Uptake Telemetry

Firefox continuously pulls data from different remote sources (eg. settings, system add-ons, …). In order to have consistent insights about the uptake rate of these update sources, our clients can use a unified Telemetry helper to report their update status.

The helper — described below — reports predefined update status, which eventually gives a unified way to obtain:

  • the proportion of success among clients;
  • its evolution over time;
  • the distribution of error causes.

Note

Examples of update sources: remote settings, add-ons update, add-ons, gfx, and plugins blocklists, certificate revocation, certificate pinning, system add-ons delivery…

Examples of update status: up-to-date, success, network error, server error, signature error, server backoff, unknown error…

Every call to the UptakeTelemetry helper registers a point in a single keyed histogram whose id is UPTAKE_REMOTE_CONTENT_RESULT_1 with the specified update source as the key.

Additionally, to provide real-time insight into uptake, a Telemetry Event may be sent. Because telemetry events are more expensive to process than histograms, we take some measures to avoid overwhelming Mozilla systems with the flood of data that this produces. We always send events when not on release channel. On release channel, we only send events from 1% of clients.

Usage

const { UptakeTelemetry } = ChromeUtils.import("resource://services-common/uptake-telemetry.js", {});

UptakeTelemetry.report(component, status, { source });
  • component, a string that identifies the calling component (eg. "remotesettings", "normandy").
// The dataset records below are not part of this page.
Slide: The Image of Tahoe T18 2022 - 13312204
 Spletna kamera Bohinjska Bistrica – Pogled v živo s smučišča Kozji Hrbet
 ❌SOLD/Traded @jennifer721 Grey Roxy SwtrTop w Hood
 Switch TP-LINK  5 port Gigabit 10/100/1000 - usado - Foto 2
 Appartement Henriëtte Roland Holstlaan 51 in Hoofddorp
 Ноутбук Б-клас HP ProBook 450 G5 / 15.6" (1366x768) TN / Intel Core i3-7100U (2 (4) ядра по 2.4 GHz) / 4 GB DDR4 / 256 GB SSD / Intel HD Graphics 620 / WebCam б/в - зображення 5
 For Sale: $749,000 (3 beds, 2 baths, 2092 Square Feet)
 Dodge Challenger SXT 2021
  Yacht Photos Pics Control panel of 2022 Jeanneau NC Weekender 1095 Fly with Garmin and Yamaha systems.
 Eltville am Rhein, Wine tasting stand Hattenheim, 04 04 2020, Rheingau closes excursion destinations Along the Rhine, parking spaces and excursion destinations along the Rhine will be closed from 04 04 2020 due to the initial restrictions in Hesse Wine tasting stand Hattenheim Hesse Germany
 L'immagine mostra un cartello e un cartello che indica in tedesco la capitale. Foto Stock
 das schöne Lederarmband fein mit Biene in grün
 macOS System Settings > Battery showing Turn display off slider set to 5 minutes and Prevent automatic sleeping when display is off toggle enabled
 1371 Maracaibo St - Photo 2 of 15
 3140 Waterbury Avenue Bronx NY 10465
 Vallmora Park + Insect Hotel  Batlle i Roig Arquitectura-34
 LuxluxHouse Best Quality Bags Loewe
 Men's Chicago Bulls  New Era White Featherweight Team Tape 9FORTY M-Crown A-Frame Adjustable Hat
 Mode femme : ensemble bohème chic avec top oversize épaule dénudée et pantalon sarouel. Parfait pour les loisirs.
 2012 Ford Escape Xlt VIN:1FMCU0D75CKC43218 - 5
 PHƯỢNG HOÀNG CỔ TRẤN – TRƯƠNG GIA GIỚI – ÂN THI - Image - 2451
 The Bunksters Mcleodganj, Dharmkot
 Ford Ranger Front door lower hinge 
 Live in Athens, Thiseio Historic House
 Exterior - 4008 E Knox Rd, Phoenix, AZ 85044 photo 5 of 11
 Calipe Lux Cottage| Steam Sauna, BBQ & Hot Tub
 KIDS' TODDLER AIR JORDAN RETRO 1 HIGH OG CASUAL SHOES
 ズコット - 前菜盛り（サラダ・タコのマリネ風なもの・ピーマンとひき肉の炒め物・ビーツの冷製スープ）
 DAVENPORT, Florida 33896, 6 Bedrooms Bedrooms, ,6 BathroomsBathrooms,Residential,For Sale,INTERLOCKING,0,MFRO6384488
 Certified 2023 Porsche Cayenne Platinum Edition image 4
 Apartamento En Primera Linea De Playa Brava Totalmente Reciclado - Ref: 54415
Arbitrary components have to be previously declared in the Telemetry Events definition file.
  • source, a string to distinguish what is being pulled or updated in the component (eg. "blocklists/addons", "recipes/33")
  • status, one of the following status constants:
    • UptakeTelemetry.STATUS.UP_TO_DATE: Local content was already up-to-date with remote content.
    • UptakeTelemetry.STATUS.SUCCESS: Local content was updated successfully.
    • UptakeTelemetry.STATUS.BACKOFF: Remote server asked clients to backoff.
    • UptakeTelemetry.STATUS.PREF_DISABLED: Update is disabled in user preferences.
    • UptakeTelemetry.STATUS.PARSE_ERROR: Parsing server response has failed.
    • UptakeTelemetry.STATUS.CONTENT_ERROR: Server response has unexpected content.
    • UptakeTelemetry.STATUS.SIGNATURE_ERROR: Signature verification after diff-based sync has failed.
    • UptakeTelemetry.STATUS.SIGNATURE_RETRY_ERROR: Signature verification after full fetch has failed.
    • UptakeTelemetry.STATUS.CONFLICT_ERROR: Some remote changes are in conflict with local changes.
    • UptakeTelemetry.STATUS.SYNC_ERROR: Synchronization of remote changes has failed.
    • UptakeTelemetry.STATUS.APPLY_ERROR: Application of changes locally has failed.
    • UptakeTelemetry.STATUS.SERVER_ERROR: Server failed to respond.
    • UptakeTelemetry.STATUS.CERTIFICATE_ERROR: Server certificate verification has failed.
    • UptakeTelemetry.STATUS.DOWNLOAD_ERROR: Data could not be fully retrieved.
    • UptakeTelemetry.STATUS.TIMEOUT_ERROR: Server response has timed out.
    • UptakeTelemetry.STATUS.NETWORK_ERROR: Communication with server has failed.
    • UptakeTelemetry.STATUS.NETWORK_OFFLINE_ERROR: Network not available.
    • UptakeTelemetry.STATUS.CLEANUP_ERROR: Clean-up of temporary files has failed.
    • UptakeTelemetry.STATUS.UNKNOWN_ERROR: Uncategorized error.
    • UptakeTelemetry.STATUS.CUSTOM_1_ERROR: Error #1 specific to this update source.
    • UptakeTelemetry.STATUS.CUSTOM_2_ERROR: Error #2 specific to this update source.
    • UptakeTelemetry.STATUS.CUSTOM_3_ERROR: Error #3 specific to this update source.
    • UptakeTelemetry.STATUS.CUSTOM_4_ERROR: Error #4 specific to this update source.
    • UptakeTelemetry.STATUS.CUSTOM_5_ERROR: Error #5 specific to this update source.

Example:

const COMPONENT = "normandy";
const UPDATE_SOURCE = "update-monitoring";

let status;
try {
  const data = await fetch(uri);
  status = UptakeTelemetry.STATUS.SUCCESS;
} catch (e) {
  status = /NetworkError/.test(e) ?
              UptakeTelemetry.STATUS.NETWORK_ERROR :
              UptakeTelemetry.STATUS.SERVER_ERROR ;
}
UptakeTelemetry.report(COMPONENT, status, { source: UPDATE_SOURCE });

Additional Event Info

Events sent using the telemetry events API can contain additional information. Uptake Telemetry allows you to add the following extra fields to events by adding them to the options argument:

  • trigger: A label to distinguish what triggered the polling/fetching of remote content (eg. "broadcast", "timer", "forced", "manual")
  • age: The age of pulled data in seconds (ie. difference between publication time and fetch time).
  • duration: The duration of the synchronization process in milliseconds.
UptakeTelemetry.report(component, status, { source, trigger: "timer", age: 138 });

Remember that events are sampled on release channel. Those calls to uptake telemetry that do not produce events will ignore these extra fields.

Use-cases

The following remote data sources are already using this unified histogram.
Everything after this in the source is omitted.